* WORK REQUIRED: Please output exactly the lines below, starting at the line that has "Cartoon Illustration of" and ending at the line that has "Pedro Albizu Campos", both included; leave out all pictures and include nothing else.

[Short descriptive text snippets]
┌────────
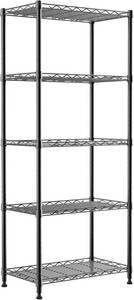 lot 3740 image: $49 REGILLER 5-Wire Shelving Metal Storage Rack, Adjustable Shelving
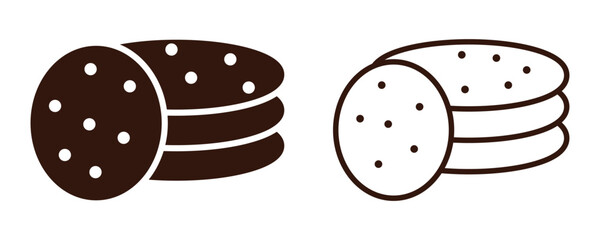 Cookie icons, vector logo design. Chocolate chip cookie icon for food apps and websites. Outline style and black filled symbol cookie icon, vector isolated on white background. Vector illustration.
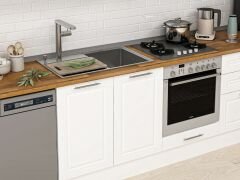 Alvinka 330X210 Cm Klasik Mebran Mutfak Dolabı M-E90S60S60-1 Mebran | Beyaz - Mdf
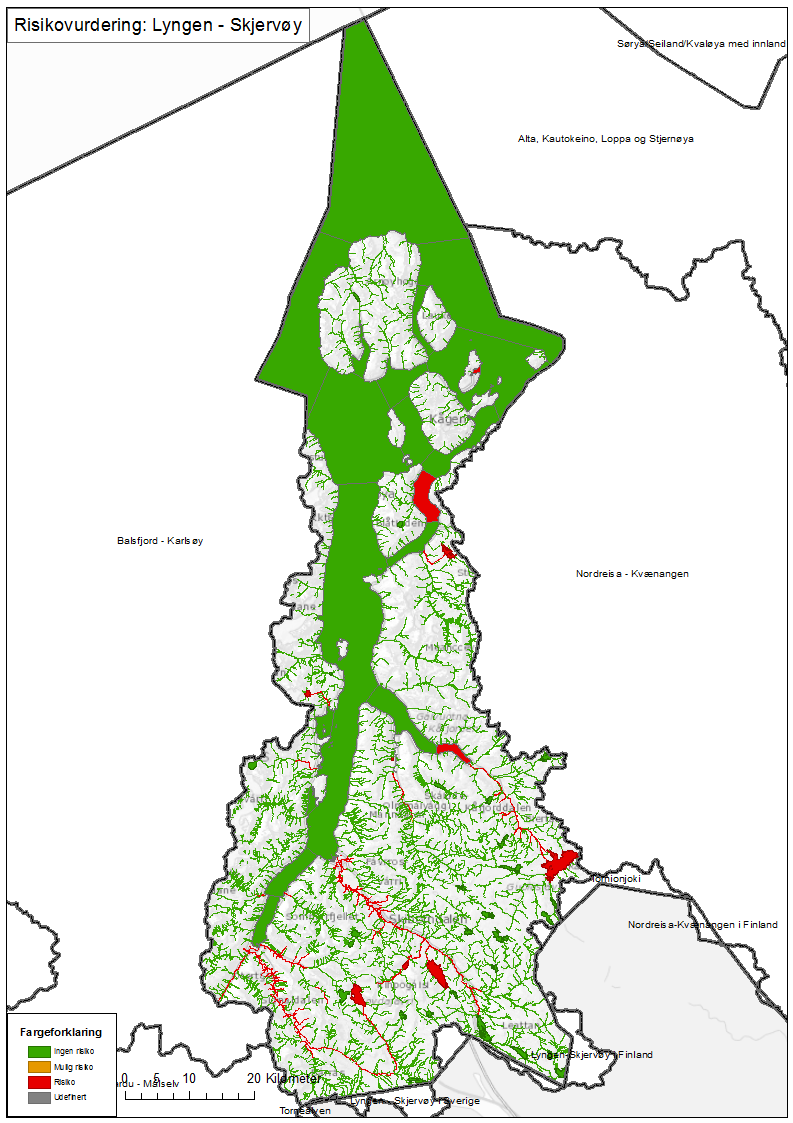 3.2.5 Vannområdet Lyngen-Skjervøy Figur 3.6 Overordnet kart for vannområdet Lyngen-Skjervøy. Risikostatus for de enkelte vannforekomster vises med ulik farge.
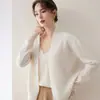 Estilo Old Money 2026 Cardigã de Caxemira Feminino Gola V Outono/Inverno Manga Morcego Solta Tricô Casaco de Lã de Qualidade Leve de Luxo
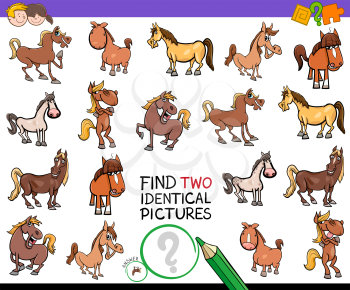 Cartoon Illustration of Finding Two Identical Pictures Educational Activity Game for Children with Horses Farm Animal Characters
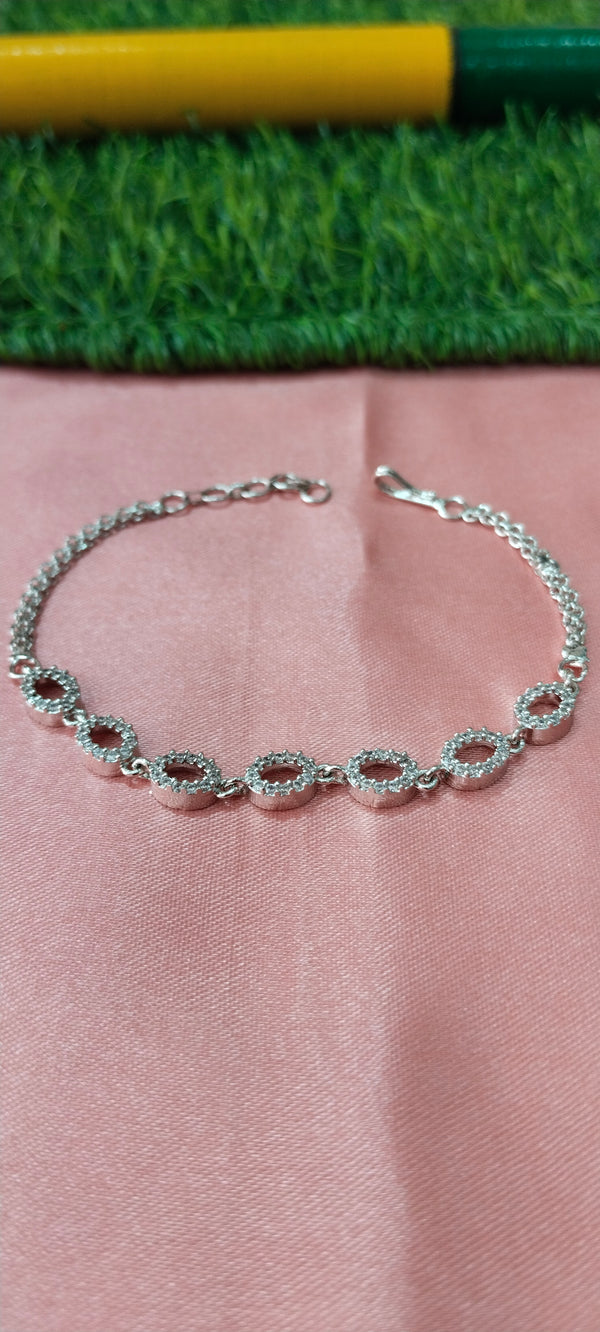Silver Bracelet with AD Stones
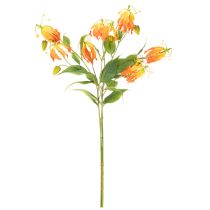 Itens Flor artificial Gloriosa laranja com hastes longas para vasos, 80cm, 3 unidades.
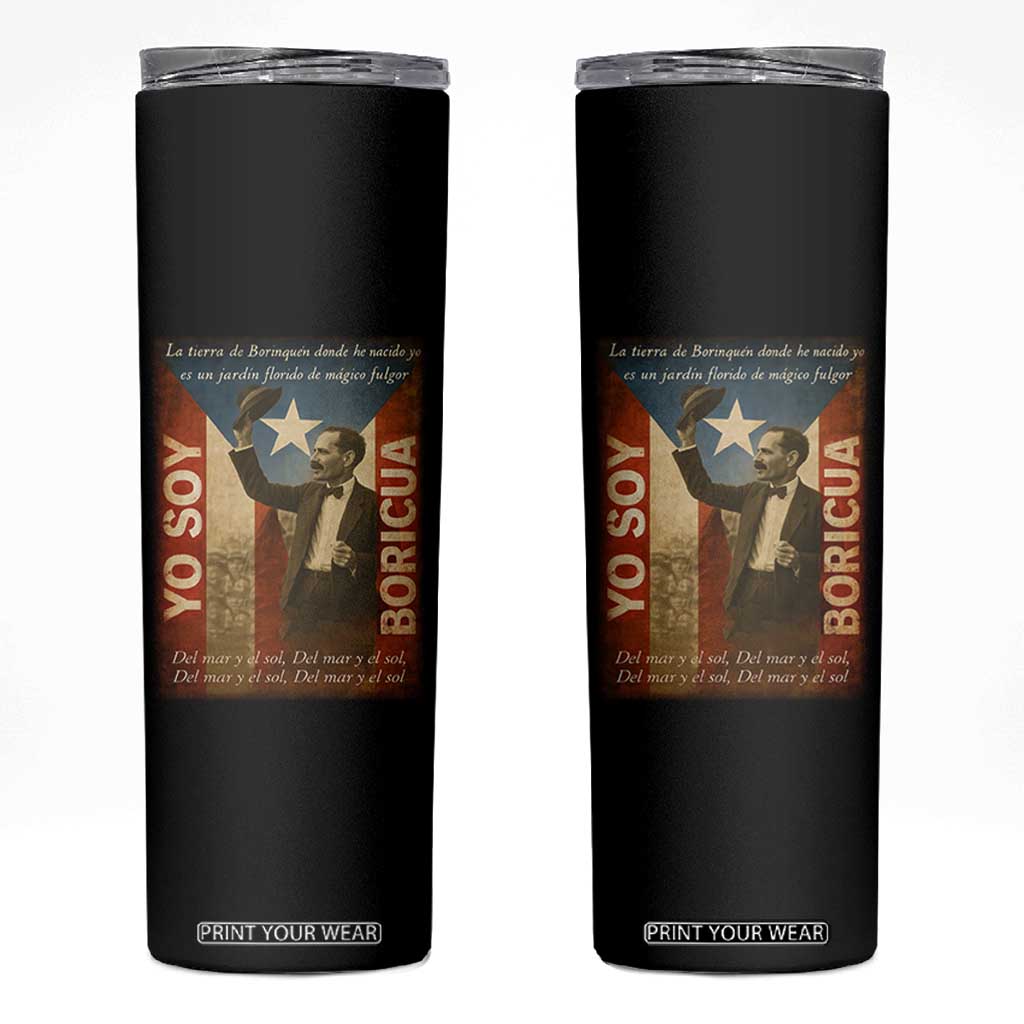 Pedro Albizu Campos Skinny Tumbler Yo Soy Boricua Vintage Puerto Rican Flag TS11 Black Print Your Wear
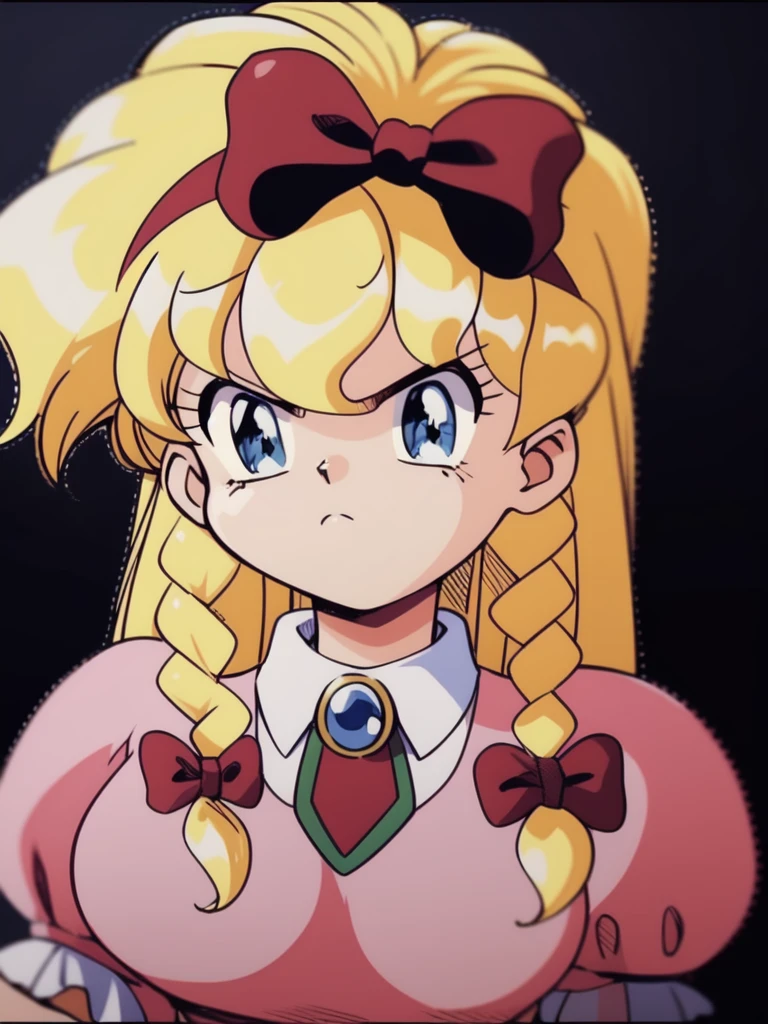 <lora:Maria_Renard:1>MariaRenard, 1girl, solo, blonde hair, blue eyes, green background, braid, clenched hand, bow, hair bow, red bow, long hair, brooch, jewelry, retro artstyle, twin braids, hairband, simple background, bangs, puffy sleeves, closed mouth, hand up, red hairband, puffy short sleeves, short sleeves, shirt, upper body, dress, looking at viewer, collared shirt, serious, pink dress, Europe,
masterpiece, high quality, very_high_resolution, large_filesize, full color,ã1990s \(style\), anime, anime_screencap, animated gif, mp4 ,video, animated,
└────────
* SOLVED PROBLEM:
 Cartoon Illustration of Finding Two Identical Pictures Educational Activity Game for Children with Horses Farm Animal Characters
Silver Bracelet with AD Stones
 Itens Flor artificial Gloriosa laranja com hastes longas para vasos, 80cm, 3 unidades.
 Pedro Albizu Campos Skinny Tumbler Yo Soy Boricua Vintage Puerto Rican Flag TS11 Black Print Your Wear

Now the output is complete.